Cannot access Red Hat 7.2 from the Internet

Cannot access Red Hat 7.2 from the Internet

Post by Bret » Mon, 04 Feb 2002 06:14:11



I am running a web server (Apache, of course) and FTP server on a
Linux 7.2 box from a DMZ line on a Sonicwall through a Cisco router.

The problem is, I cannot reach the box from outside of my building.  
The entire network inside my building can see the HTTP site and FTP
just fine while *inside* my building by IP and by my remote DNS
Server.

I cannot ping the ip (request timed out), cannot connect through FTP,
cannot connect thought HTTP, cannot connect though another port while
*outside* the building.

The Linux box has two network cards one that goes to the DMZ and the
other is on the internal network.  The IP address that is assigned to
the DMZ line is a resolvable public address.  I have assigned the eth0
(the dmz line) as non-dhcp and assigned it the proper, IP, Subnet
Mask, and Default Gateway Address.

I have turned off ipchains and reset iptables to the default ACCEPT
policy.

I really wanted to blame the Sonicwall and the router.
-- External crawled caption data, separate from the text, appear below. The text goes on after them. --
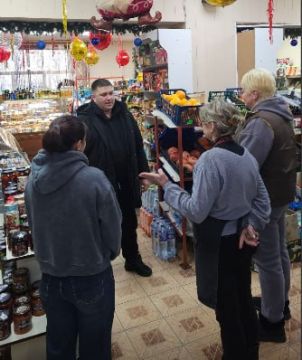 С целью обсудить проблемы, которые волнуют жителей нашего округа, сегодня, 28.01, депутат Мангушского муниципального совета, член фракции Всероссийской политической партии «ЕДИННАЯ РОССИЯ» в Мангушском муниципальном совете...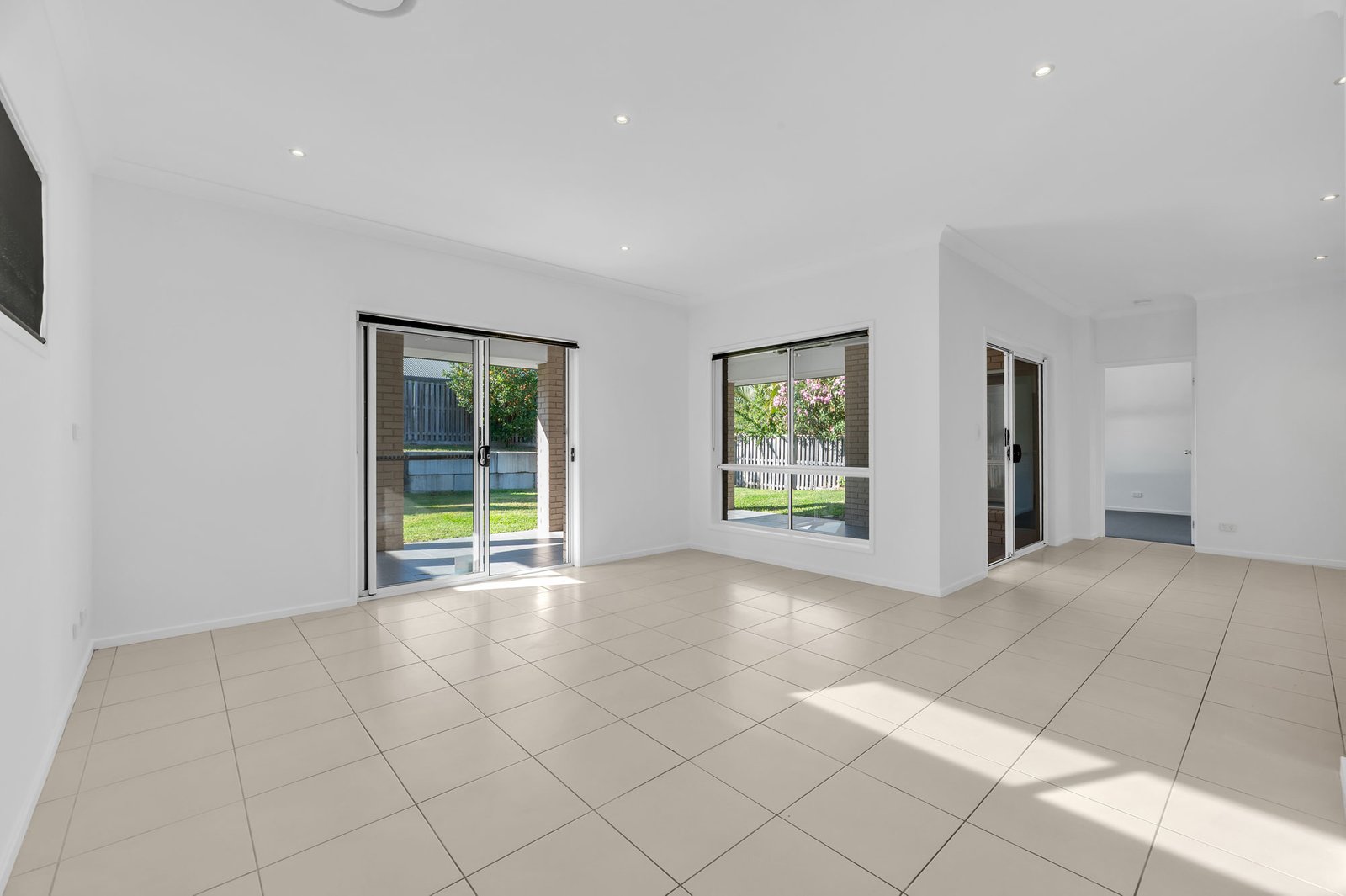 7 Kimberley Creek Road UPPER COOMERA 8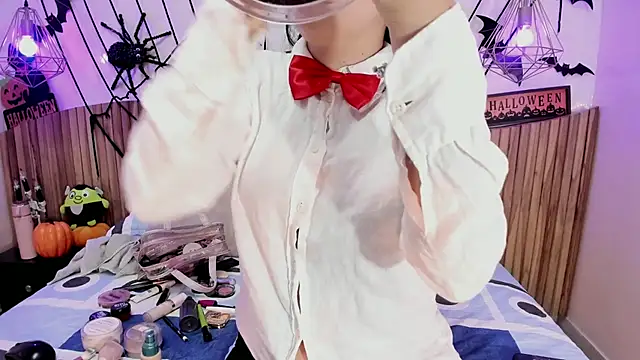 AlissaJoness online show from October 25, 11:40 am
The reason I
think the problem lies within Linux is because I have Apache running
on my windows box and I connected the DMZ line up to it.  I set all
the correct information (ip, subnet, default gateway) and IT WORKED!
It even worked for a few days.

I have checked  /etc/host.allow and /etc/host.deny and the files are
empty.

I have also ran tcpdump and had someone try to get to the http site.
I can see the requests coming in on tcpdump, but they cannot see the
server.

I have searched the groups for many days and found very little that
relates to my experience or situation.  If anyone out there can help
it would be very appreciated.

brett

 
 
 

Cannot access Red Hat 7.2 from the Internet

Post by Simon Matthew » Mon, 04 Feb 2002 07:03:15


The first thing to note is that tcpdump can see packets BEFORE they are
dropped by iptables/ipchains. So I would suggest that you list the rules
(with ipchains, use /sbin/ipchains --list) and make sure that the rules are
what you expect.

Can the linux box ping to hosts on the Internet?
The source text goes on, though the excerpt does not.